Jeff Bezos' Blue Origin continues to contest NASA's decision to award the Artemis lunar lander contract to SpaceX's Starship. The company has released an infographic underscoring the mission's technical complexities—a move drawing mixed reactions in the space industry.
NASA selected SpaceX to develop its Starship as the Human Landing System for the Artemis program, aiming to return humans to the Moon for the first time since Apollo. Blue Origin, a key competitor, protested the single-provider award, advocating for at least two contracts to foster competition, as previously indicated.
Blue Origin filed a protest with the U.S. Government Accountability Office (GAO), which recently dismissed the complaint.
Undeterred, Jeff Bezos emphasized that Blue Origin could forgo over $2 billion in NASA funding if awarded the contract. Recently, the company shared an infographic, highlighted on Twitter by NASA Spaceflight's Adrian Beil, contrasting approaches: SpaceX's as "extremely complex and high risk," versus Blue Origin's as "safe, low risk, and fast."
The infographic asserts SpaceX would require ten Starship launches for orbital refueling to enable a single lunar landing.

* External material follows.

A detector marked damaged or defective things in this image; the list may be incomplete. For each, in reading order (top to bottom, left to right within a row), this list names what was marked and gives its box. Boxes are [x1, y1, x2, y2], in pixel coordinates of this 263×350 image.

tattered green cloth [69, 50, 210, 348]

While refueling is integral to SpaceX's architecture, the company has not publicly specified the exact number for crewed missions. The source of Blue Origin's figures remains unclear.
Space industry commentator Eric Berger of Ars Technica tweeted: "The majority of Blue Origin employees I've met are bright, friendly, hard-working people who joined the company because they believed in their mission. They also respect what SpaceX does and probably find this kind of thing embarrassing."
Meanwhile, at SpaceX's Starbase, teams are preparing Super Heavy Booster 4 and Starship SN20 for static fire tests, paving the way for their first orbital flight attempt soon.